━━ Recorded information ━━

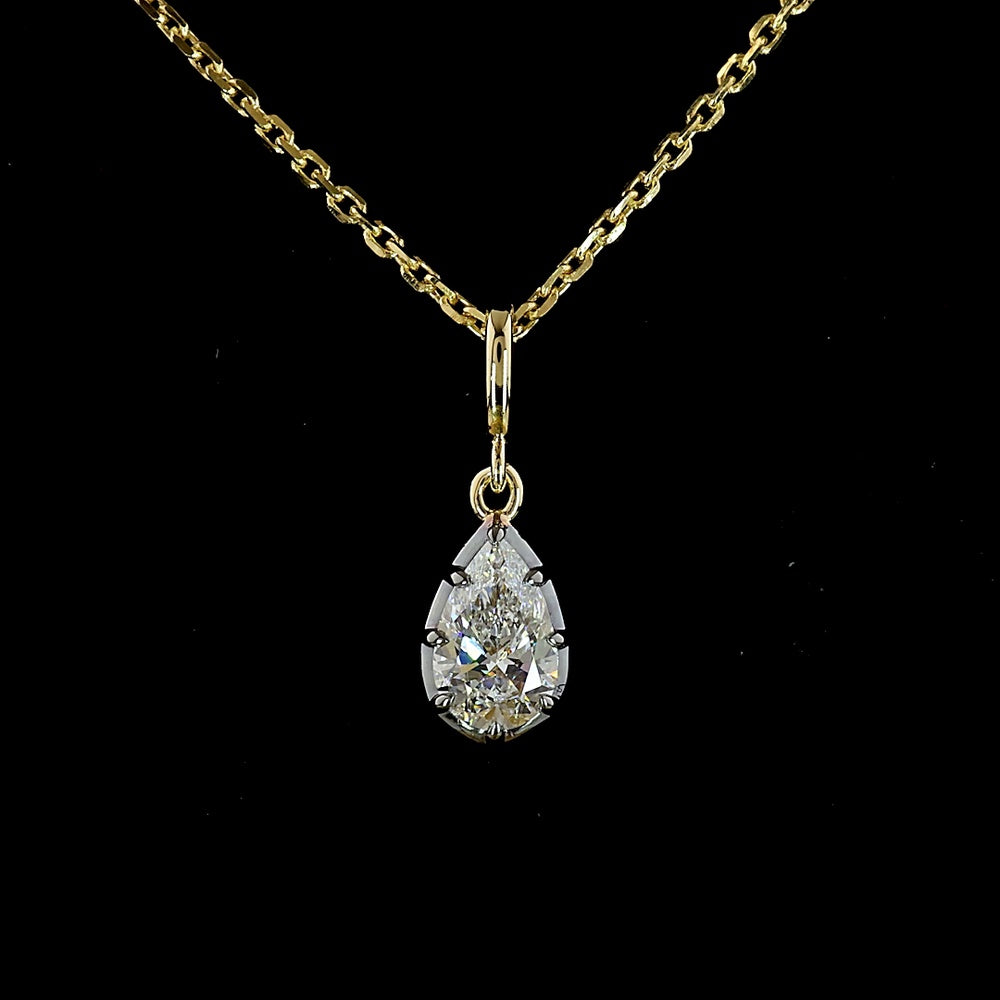 14K Yellow Gold Pear Shape Lab Diamond Solitaire Pendant with Black Rhodium Accents - 0.31 Carat Total Weight - Covaloro Fine Jewelry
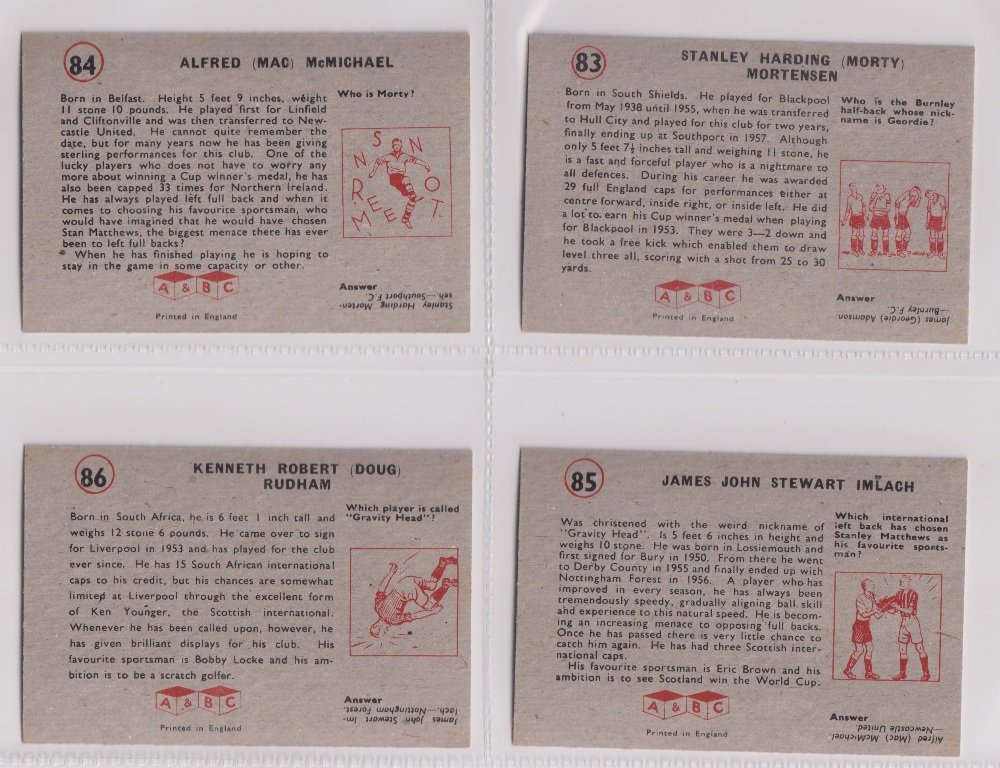 Trade cards, A&BC Gum, Footballers (With 'Planet Ltd', 47-92), 'X' size (set, 46 cards) includes - Image 20 of 24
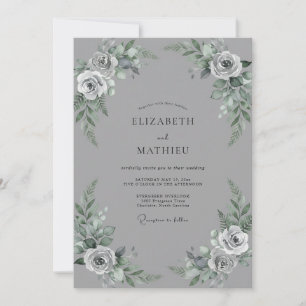 Steel Grey Blush Rose Wedding Invitation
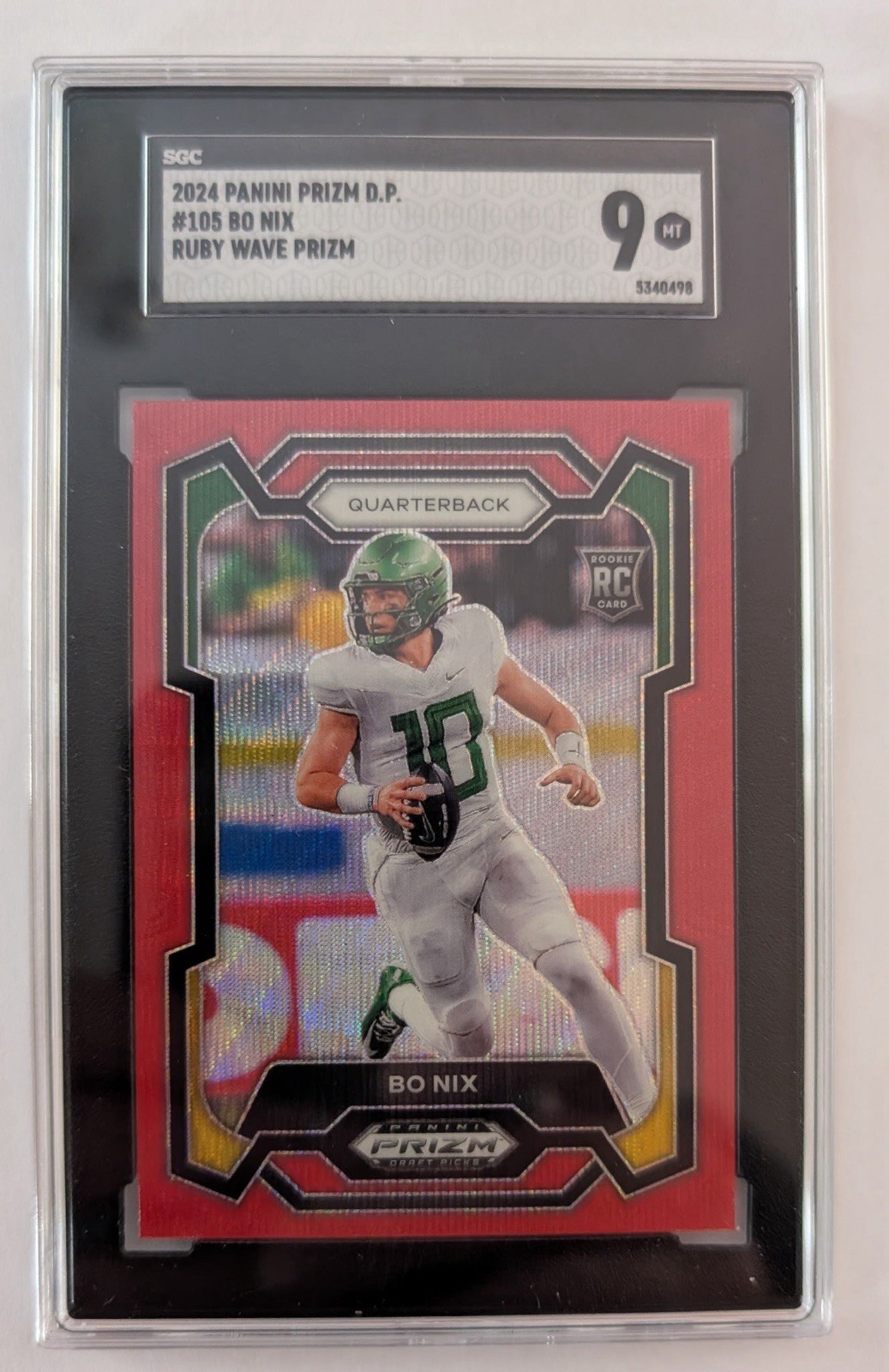 2024 Panini Prizm Draft Bo Nix #105 Ruby Wave Prizm Rookie SGC 9 Oregon Ducks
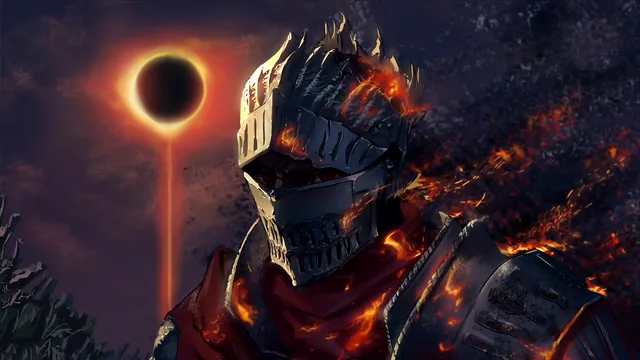 Armored warrior with heat-traced plating standing beneath a near-total eclipse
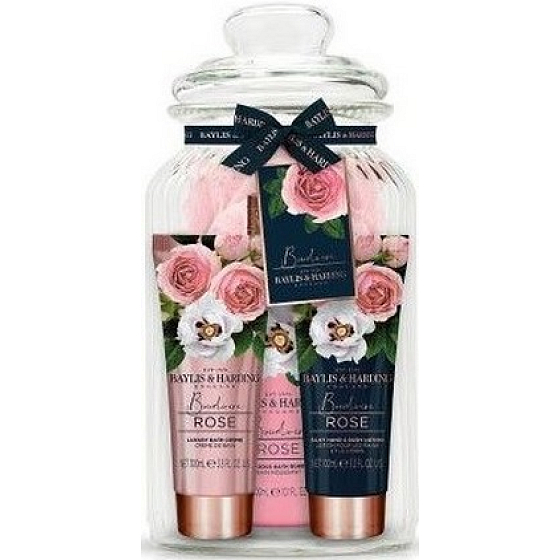 Baylis & Harding Čerstvé růže mycí gel 300 ml + krém do koupele 100 ml + tělové mléko 100 ml + žínka + dóza, kosmetická sada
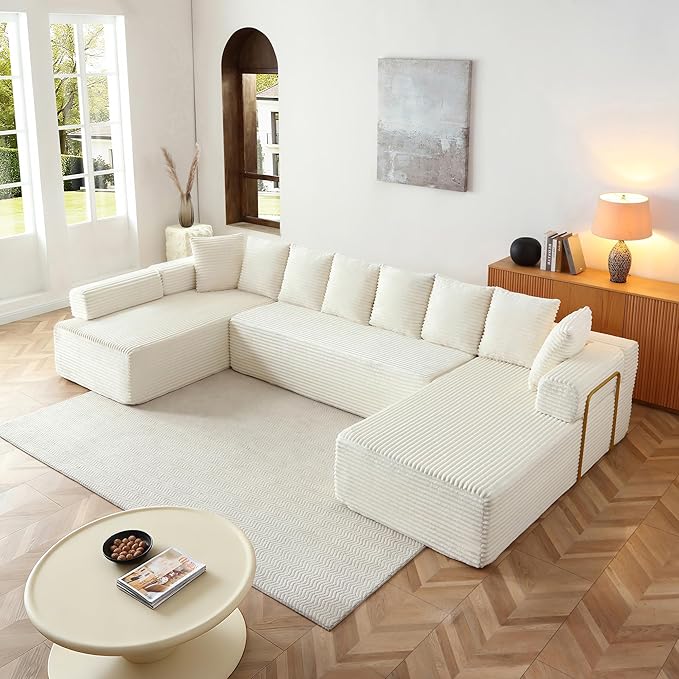 145 inch Modern Sectional Couch for Living Room Oversized Cloud Boneless Couch with Freely Movable Armrest and Fixed-Shape Frame Beige Modular Sofa U Shape Couches | No Assembly Required Free Combi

━━━

• _Problem_
An exact copy is needed of the lines running from the one containing "Baylis & Harding" through the last line of the material, and of no others; pictures stay out.

• _Exercise result_
 Baylis & Harding Čerstvé růže mycí gel 300 ml + krém do koupele 100 ml + tělové mléko 100 ml + žínka + dóza, kosmetická sada
 145 inch Modern Sectional Couch for Living Room Oversized Cloud Boneless Couch with Freely Movable Armrest and Fixed-Shape Frame Beige Modular Sofa U Shape Couches | No Assembly Required Free Combi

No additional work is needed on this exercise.